Реки жизни. Борис Григорьев
свидетельство о смерти деда, выправленное по всей форме:
Для представления в Страхкассу, в крематорий или на кладбище.
СВИДЕТЕЛЬСТВО О СМЕРТИ №17
Гр. З а й ц е в у Т и х о н у И л л а р и о н о в и ч у
(фамилия, имя, отчество)
м а р т… умер …3…числа
…месяца 1944 года, о чём в книге записей актов гражданского состояния за 1944 год произ- ведена соответствующая запись.
Причина смерти: п о р о к с е р д ц а. Место смерти: с. Курапово
(город)
Троекуровский с/совет возраст 58 лет. Зав. Бюро ЗАГС Кононицын
Делопроизводитель К. Ярославцева
Круглая печать: Троекуровский с/совет Лебедянского р-на Рязанской обл.

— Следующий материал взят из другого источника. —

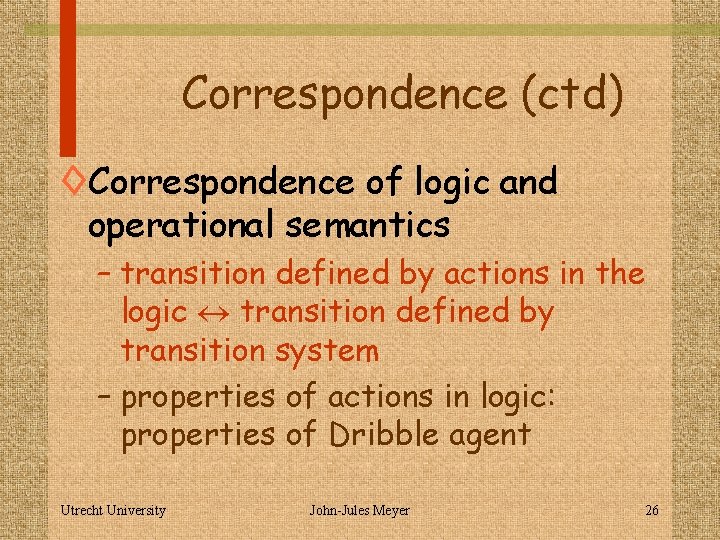Correspondence (ctd) ◊Correspondence of logic and operational semantics – transition defined by actions in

Клочок бумаги размером 11,5х10 см. В бланке «место смерти» указан только город – других мест для сведения счётов с этой жизнью государством диктатуры пролетариата не предусматривалось. Страхкассы или крематория в селе, естественно, не было в радиусе 400 км, а Кураповское кладбище, слава Богу, покойников принимало без всяких справок. Поэтому и сохранилась эта справка о смерти.
Живого деда Тихона я, помню смутно. Перед глазами мелькает какое-то чернявое, круглое, изрезанное глубокими морщинами и небритое лицо с натруженным прищуренным взглядом, но я не уверен, что это дед. Возможно, это видение навеяно фотографией деда, с которой я познакомился уже после его смерти. Когда я появился в своём кураповском доме, он уже был тяжело болен и не слезал с печи, и я запомнил его усталый лик, бледным пятном выглядывающий из полумрака лежанки. Вот парадокс памяти: физиономия козы Кирки запомнилась очень отчётливо, а лицо деда – извините, смутно…
Вероятно, не менее интересной личностью был и брат дедушки Фёдор. От него никакого потомства, к сожалению, не осталось – он ушёл на фронт холостым. Что-то смутно помню о том, что дед Фёдор во время боёв с белыми якобы столкнулся со своим двоюродным братом, офицером, воевавшим на стороне Колчака. Этот родственник должен был тогда происходить от брата моего прадеда Иллариона, уехавшего в Сибирь за счастьем, обещанным всем безлошадным и безземельным премьер-министром Столыпиным.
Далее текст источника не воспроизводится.